What is needed: Pictures stay out of the copy. Retype exactly, and only, the lines from the one containing "Topographic Map of Corban College, OR" through the end of the listing below.
<<<<
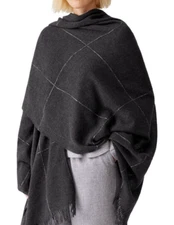 BNWT Eileen Fisher Grid-Print Fringe Italian Serape Wrap Charcoal 55x63 $198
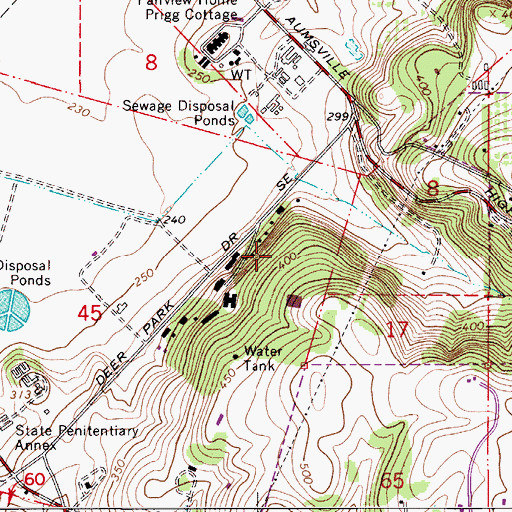 Topographic Map of Corban College, OR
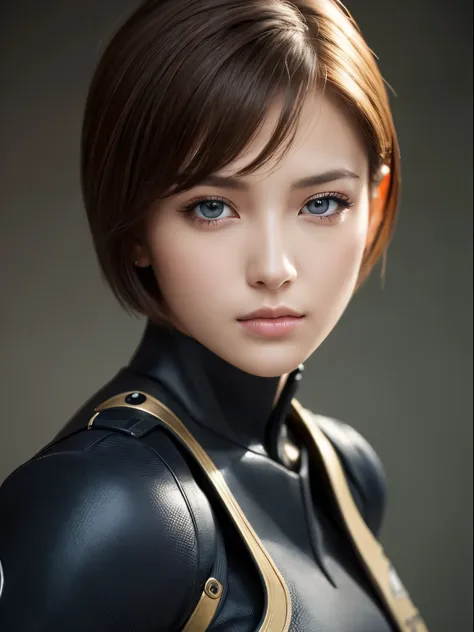 highest quality, ultra-high resolution, (realistic: 1.4), beautiful eyes, super beautiful, short hair, beautiful, beautiful sold...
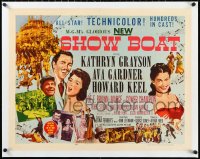 2a0813 SHOW BOAT linen style A 1/2sh 1951 Kathryn Grayson, sexy Ava Gardner, Howard Keel, very rare!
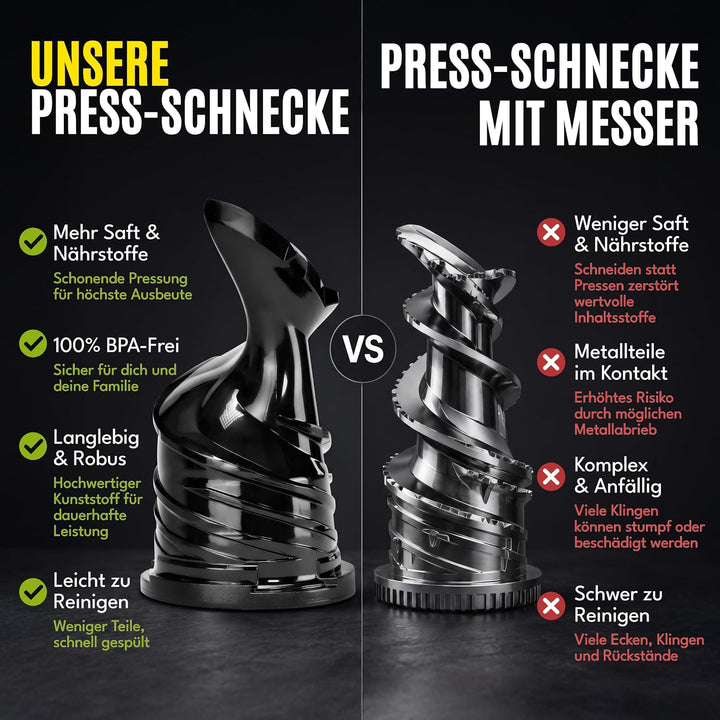 LEBENLANG Entsafter Slow Juicer - Inkl. Rezeptbuch &amp; Grosse 130mm Öffnung I Perfekt für Obst ganze F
>>>>
Reply:
 Topographic Map of Corban College, OR
 highest quality, ultra-high resolution, (realistic: 1.4), beautiful eyes, super beautiful, short hair, beautiful, beautiful sold...
 2a0813 SHOW BOAT linen style A 1/2sh 1951 Kathryn Grayson, sexy Ava Gardner, Howard Keel, very rare!
 LEBENLANG Entsafter Slow Juicer - Inkl. Rezeptbuch &amp; Grosse 130mm Öffnung I Perfekt für Obst ganze F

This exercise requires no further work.